:: Available data ::

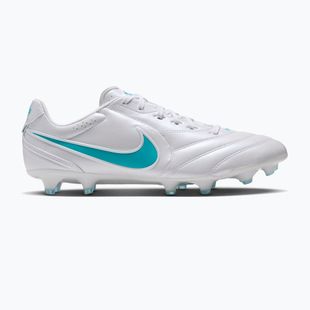 Мъжки футболни обувки Nike Tiempo Ligera Pro FG white/white/energy
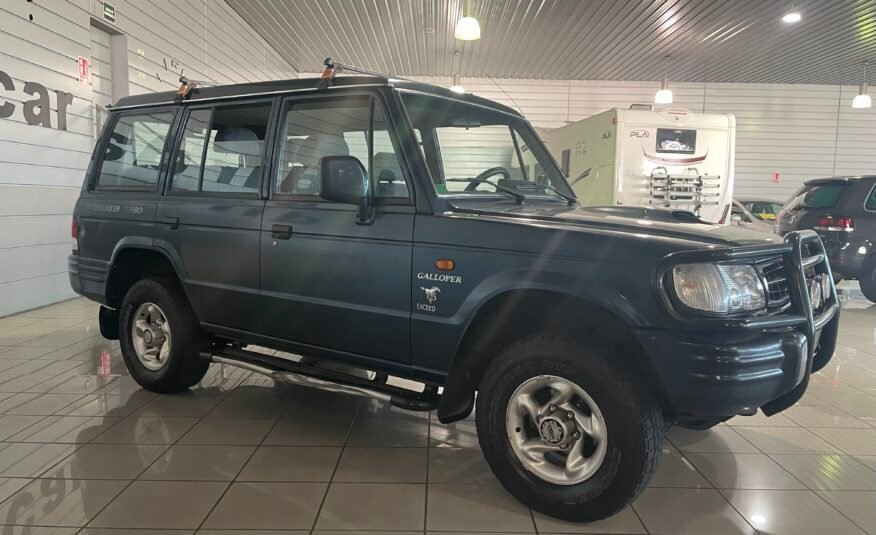 GALLOPER EXCEED 2.5 TDI LX 7PLAZAS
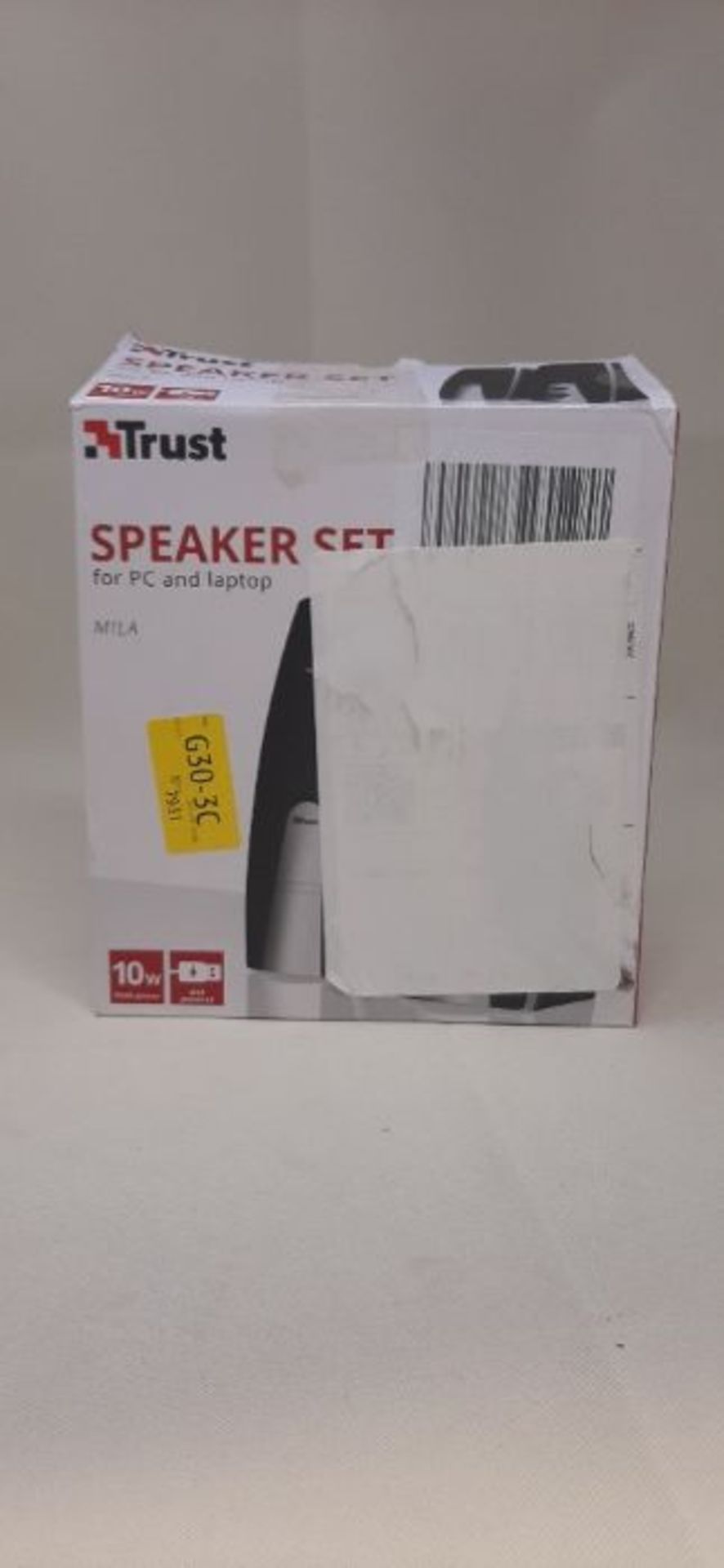 Trust 16697-04 Mila 2.0 USB Powered PC Speakers for Computer and Laptop,5 W (10 W Peak - Image 2 of 3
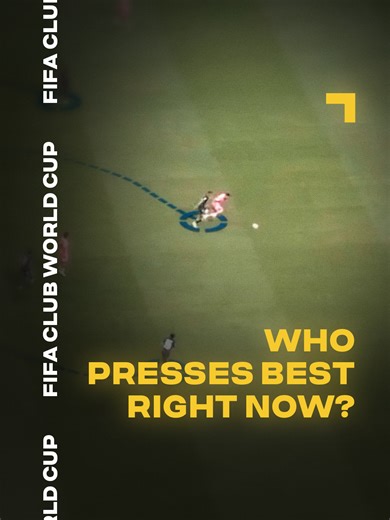 High, man-to-man pressing is back in vogue. Check out a few examples from the FIFA Club World Cup in this video. Are you enjoying this trend? Who does it best at club level right now?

:::

→ **Assignment**
Only the lines from the first line of the data above through the line with "Trust 16697-04 Mila" should appear in the answer, retyped exactly, with every picture left out.

→ **Task answer**
 Мъжки футболни обувки Nike Tiempo Ligera Pro FG white/white/energy
 GALLOPER EXCEED 2.5 TDI LX 7PLAZAS
 Trust 16697-04 Mila 2.0 USB Powered PC Speakers for Computer and Laptop,5 W (10 W Peak - Image 2 of 3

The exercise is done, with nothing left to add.